ACT Immigration Policy
Goals
- To attract back to New Zealand, able and productive former New Zealand citizens.
- To attract able and productive immigrants.
- To retain able and productive New Zealanders.
Background
- Immigrants bring new hopes, new ideas, skills and entrepreneurial attitudes.
- They challenge our way of doing things, they wake us up.
- They provide links with markets.
- They bring cultural enrichment and diversity.
- They strengthen the All Blacks.
- Immigration has exposed weaknesses in our occupational licensing arrangements, employment laws, schools, housing and welfare systems.
- Migration is a good barometer of New Zealand's attractiveness, however New Zealand has become less attractive during the last decade.
Principles
- Policies that promote the prosperity of New Zealanders at large will also best turn migration outflows to inflows.
- We should be aiming for net inflows of around 30-40,000 persons per year.
- We should be aiming to attract the ablest and most productive people (while making allowance for refugees, and family reunion cases).
- Immigrants must not have easy access to welfare.
- There should be no special government privileges for immigrants - these are a recipe for multicultural strife.
- It is essential to reduce employment law barriers, including addressing issues of anti-competitive occupational licensing arrangements.
- The education system should be able to respond more freely to any language problems arising from immigration.
- Private agencies - banks, lawyers, real estate agents, cultural and ethnic associations and the like - are best able to ease the transition of immigrants.
- New Zealand cannot afford the politics of envy.

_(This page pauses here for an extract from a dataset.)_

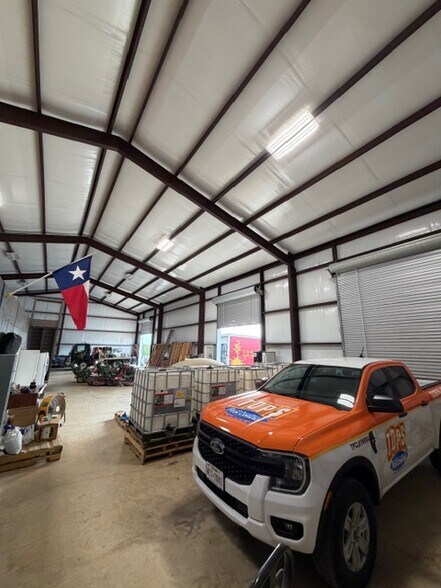 More Photos Of 14707 Fitzhugh Rd, Austin Warehouse For Lease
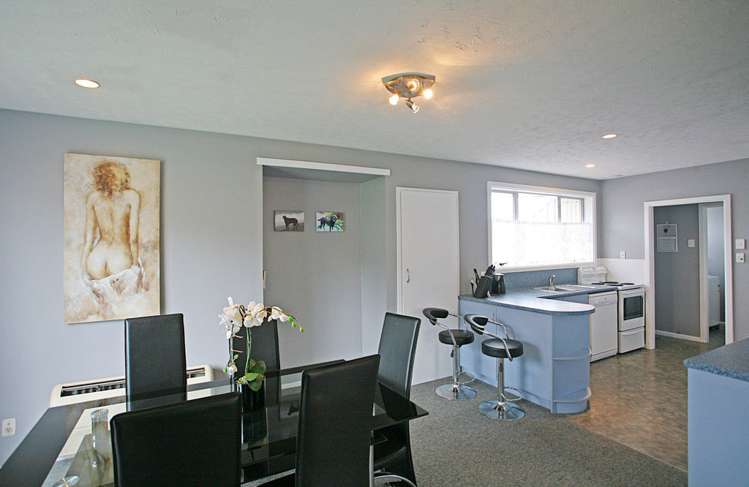 54 Kathleen Crescent Hornby_19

Labour's 'soak-the-rich' policy of raising the top income tax rate provides our best and brightest with yet another reason for emigrating, while making us less attractive to skilled immigrants.
- The points system for determining eligibility is superior to earlier approaches.
- Immigration consultants should not be required to be licensed.
- Governments should not try to control the geographical spread of immigration.
Policy Detail
- Cut tax rates in order to make New Zealand a more attractive place to live
- Cap the tax burden of the highest-earning individuals to attract talented entrepreneurs, and others with valuable international connections, and to retain New Zealanders who would otherwise leave.
- Reduce occupational licensing as a barrier to the use of immigrants' skills.
- Adopt other immigrant welcoming policies within an overall annual quota set at a level that the country can absorb.
- Introduce a five year probation period during which immigrants who offend can be sent home if convicted of an imprisonable offence.